I am a theoretical physicist in the Institute for Computational Science at the University of Zurich. I'm a Swiss-born, South African-grown hybrid. While not sciencing, I can sometimes be found photographing, cooking, jogging, learning languages, or drinking coffee. (I'm very very talented at this last one, actually - not so much at the rest.) These are a few of my favourite things. Quickly click here for relief.

Research Interests HC SVNT DRACONES

pushing boundaries in...


Vapour-to-liquid Nucleation

Take a gas and drop the temperature. It'll turn into a liquid, but how? 100 years on, theoretical models explaining this process still give massive disagreement with experimental results. We know that the transformation is stochastically driven through the erratic formation of clusters, made up of molecules clinging together in droplets large enough that the free energy barrier is surpassed. But we know very little about the details. This phenomenon is a process ubiquitous in nature: playing a role in dust seeding in the formation of structure in the Universe, modern industrial processes, and in everyday occurances like the genesis of rain and mist. Despite this, the process is poorly understand due to the complex properties of the small clusters. We perform numerical experiments of the transition, through large molecular dynamics Lennard-Jones simulations. This is of service to understanding the reasons behind the shortcomings of the models, and aids in the selection of ingredients for future ones. Publications: 1, 2, 3, 4

Gravitational wave detection

In trying to understand gravitational waves, we independently stumbled upon a new way of thinking about how gravitational waves couple to a detector. Succinctly yet technically put: we solve the wave equation for electromagnetism in a curved space-time.
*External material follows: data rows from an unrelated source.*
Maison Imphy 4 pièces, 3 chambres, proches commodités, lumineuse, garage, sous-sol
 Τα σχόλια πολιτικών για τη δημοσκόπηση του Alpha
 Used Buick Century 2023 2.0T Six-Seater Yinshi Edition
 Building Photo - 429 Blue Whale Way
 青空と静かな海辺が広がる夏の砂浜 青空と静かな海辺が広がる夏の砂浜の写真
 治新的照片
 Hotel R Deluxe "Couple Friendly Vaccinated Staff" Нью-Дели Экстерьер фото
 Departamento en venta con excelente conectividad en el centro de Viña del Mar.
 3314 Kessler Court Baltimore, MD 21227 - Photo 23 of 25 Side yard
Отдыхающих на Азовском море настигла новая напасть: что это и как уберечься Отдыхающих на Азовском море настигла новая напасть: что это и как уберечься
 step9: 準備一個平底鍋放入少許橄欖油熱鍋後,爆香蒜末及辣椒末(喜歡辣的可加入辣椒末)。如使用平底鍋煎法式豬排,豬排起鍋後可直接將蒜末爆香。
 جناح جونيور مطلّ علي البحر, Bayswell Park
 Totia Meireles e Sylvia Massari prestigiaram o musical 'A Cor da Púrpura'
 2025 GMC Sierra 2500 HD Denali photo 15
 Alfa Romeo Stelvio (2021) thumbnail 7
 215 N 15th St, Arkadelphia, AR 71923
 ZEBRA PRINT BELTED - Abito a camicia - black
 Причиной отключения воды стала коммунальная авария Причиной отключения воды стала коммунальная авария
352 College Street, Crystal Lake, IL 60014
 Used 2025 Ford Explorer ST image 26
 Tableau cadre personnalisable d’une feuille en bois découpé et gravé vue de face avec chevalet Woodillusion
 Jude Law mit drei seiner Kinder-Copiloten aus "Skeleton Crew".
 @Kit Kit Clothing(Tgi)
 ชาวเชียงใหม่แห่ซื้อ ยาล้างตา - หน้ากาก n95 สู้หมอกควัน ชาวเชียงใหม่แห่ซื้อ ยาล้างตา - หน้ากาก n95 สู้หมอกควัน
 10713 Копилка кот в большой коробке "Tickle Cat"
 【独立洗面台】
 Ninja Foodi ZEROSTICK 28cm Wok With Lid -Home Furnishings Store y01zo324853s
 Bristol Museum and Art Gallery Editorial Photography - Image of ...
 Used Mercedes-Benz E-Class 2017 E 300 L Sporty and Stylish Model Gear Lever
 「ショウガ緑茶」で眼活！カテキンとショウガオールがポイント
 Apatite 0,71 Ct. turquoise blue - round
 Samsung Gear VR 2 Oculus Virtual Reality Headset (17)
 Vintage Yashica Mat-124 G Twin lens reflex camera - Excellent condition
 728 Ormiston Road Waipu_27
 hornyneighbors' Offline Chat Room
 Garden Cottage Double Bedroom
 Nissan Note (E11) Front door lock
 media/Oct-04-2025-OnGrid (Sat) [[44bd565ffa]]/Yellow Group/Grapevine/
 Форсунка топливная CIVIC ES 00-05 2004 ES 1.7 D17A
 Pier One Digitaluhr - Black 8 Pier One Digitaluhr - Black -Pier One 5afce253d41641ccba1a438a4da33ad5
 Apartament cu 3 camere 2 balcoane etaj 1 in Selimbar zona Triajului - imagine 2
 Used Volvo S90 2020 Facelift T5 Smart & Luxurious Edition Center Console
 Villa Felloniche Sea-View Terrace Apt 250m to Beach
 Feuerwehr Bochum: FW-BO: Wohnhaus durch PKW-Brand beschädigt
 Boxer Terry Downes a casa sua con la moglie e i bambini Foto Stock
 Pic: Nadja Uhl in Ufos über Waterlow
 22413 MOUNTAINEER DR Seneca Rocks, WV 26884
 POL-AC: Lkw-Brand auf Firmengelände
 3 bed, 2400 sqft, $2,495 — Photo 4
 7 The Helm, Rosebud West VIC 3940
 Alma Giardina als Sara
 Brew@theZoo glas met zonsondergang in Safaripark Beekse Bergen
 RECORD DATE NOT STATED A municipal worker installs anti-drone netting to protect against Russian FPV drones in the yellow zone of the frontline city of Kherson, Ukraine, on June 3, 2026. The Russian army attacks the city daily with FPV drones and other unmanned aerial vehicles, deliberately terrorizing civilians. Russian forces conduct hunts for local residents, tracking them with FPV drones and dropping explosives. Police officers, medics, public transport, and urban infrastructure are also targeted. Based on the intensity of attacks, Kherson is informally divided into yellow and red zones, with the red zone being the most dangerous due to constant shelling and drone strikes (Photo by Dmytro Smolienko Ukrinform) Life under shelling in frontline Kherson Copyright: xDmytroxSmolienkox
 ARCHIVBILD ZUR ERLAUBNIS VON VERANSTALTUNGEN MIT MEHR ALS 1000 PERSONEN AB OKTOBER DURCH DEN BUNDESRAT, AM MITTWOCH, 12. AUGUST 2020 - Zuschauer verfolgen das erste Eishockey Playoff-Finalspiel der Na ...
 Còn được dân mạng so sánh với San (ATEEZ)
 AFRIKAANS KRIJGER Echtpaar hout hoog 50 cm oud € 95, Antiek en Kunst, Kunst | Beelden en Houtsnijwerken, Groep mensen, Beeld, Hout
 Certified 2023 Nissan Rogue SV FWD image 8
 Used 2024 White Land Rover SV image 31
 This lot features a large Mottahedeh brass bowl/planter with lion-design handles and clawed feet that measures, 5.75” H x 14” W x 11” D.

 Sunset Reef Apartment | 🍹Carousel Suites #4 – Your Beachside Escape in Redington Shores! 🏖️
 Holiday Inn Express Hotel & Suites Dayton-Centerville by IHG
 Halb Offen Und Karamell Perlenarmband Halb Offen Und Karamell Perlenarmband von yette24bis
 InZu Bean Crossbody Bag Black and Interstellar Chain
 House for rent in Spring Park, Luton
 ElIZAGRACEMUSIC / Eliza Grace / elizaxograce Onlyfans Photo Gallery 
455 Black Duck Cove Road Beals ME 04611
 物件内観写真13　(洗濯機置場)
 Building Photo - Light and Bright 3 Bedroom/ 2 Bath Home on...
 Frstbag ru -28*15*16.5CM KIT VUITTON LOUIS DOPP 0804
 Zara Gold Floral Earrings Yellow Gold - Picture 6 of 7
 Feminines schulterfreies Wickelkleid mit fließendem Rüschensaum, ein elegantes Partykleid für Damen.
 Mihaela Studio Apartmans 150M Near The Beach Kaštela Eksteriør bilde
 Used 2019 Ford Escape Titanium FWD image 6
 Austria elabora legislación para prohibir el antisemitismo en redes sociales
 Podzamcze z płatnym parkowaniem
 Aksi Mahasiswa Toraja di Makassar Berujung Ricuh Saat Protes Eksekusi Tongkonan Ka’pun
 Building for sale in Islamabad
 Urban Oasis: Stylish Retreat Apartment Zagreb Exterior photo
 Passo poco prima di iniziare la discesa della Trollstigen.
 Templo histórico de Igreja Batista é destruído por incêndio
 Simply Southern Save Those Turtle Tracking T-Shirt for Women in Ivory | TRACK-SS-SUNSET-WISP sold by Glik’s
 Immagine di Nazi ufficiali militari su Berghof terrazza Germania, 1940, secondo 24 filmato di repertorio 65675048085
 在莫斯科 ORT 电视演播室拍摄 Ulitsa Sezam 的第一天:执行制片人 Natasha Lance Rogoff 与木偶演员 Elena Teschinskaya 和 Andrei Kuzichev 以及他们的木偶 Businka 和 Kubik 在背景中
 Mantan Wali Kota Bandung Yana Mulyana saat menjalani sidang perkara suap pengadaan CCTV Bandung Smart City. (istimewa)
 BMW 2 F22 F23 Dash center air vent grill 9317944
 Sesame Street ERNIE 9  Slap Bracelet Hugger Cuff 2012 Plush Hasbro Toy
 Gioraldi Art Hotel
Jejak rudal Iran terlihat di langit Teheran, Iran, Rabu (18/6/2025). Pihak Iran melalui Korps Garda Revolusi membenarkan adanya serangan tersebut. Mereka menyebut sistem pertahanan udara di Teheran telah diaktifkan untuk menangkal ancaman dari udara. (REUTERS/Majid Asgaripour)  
Our approach makes few assumptions, and so can readily be applied to response calculations for the European Space Agency's planned eLISA satellite constellation. Publications: 1, (2 in preparation)

Satellite tracking and relativity

The next generation of ultra-portable atomic clocks are in delivery. Borne by Earth or Sun -orbiting satellite, these clock satellites will be capable of testing general relativity to unprecedented accuracy levels, even making measurements of phenomena we've never seen before. This will help us differentiate between theories of gravity. The European Space Agency mission proposal STE-QUEST, and even more recent talk of a possible joint European-Chinese mission GRESE means that this might actually happen. My code which calculates these signals (c and python) is available from the journal Phys. Rev. D website. Publications: 1, 2

Bubble formation and growth

Bubble formation in liquid happens when the liquid is superheated (or stretched). Bubble formation is important to a wide range of fields - the quark-gluon plasma to hadron gas phase change in the early universe, targeted drug delivery, dark matter detection, volcano fountaining, cavitation corrosion of water-exposed materials, stimulating accelerated healing of bone fractures, and even and flavour infusion of plant matter into alcohol in the kitchen. The underlying physics is complicated and badly understood: a non-equilibrium multi-body system, with analytical models living within the intersection of molecular dynamics, fluid dynamics and thermodynamics. However, viscosity, surface tension, and a few other thermophysical properties may be all we need to describe the process of bubble formation and growth. We perform molecular dynamics simulations of these kinds of systems to test these models, and design better ones. Publications: 1, 2, 3, (4 submitted, available shortly)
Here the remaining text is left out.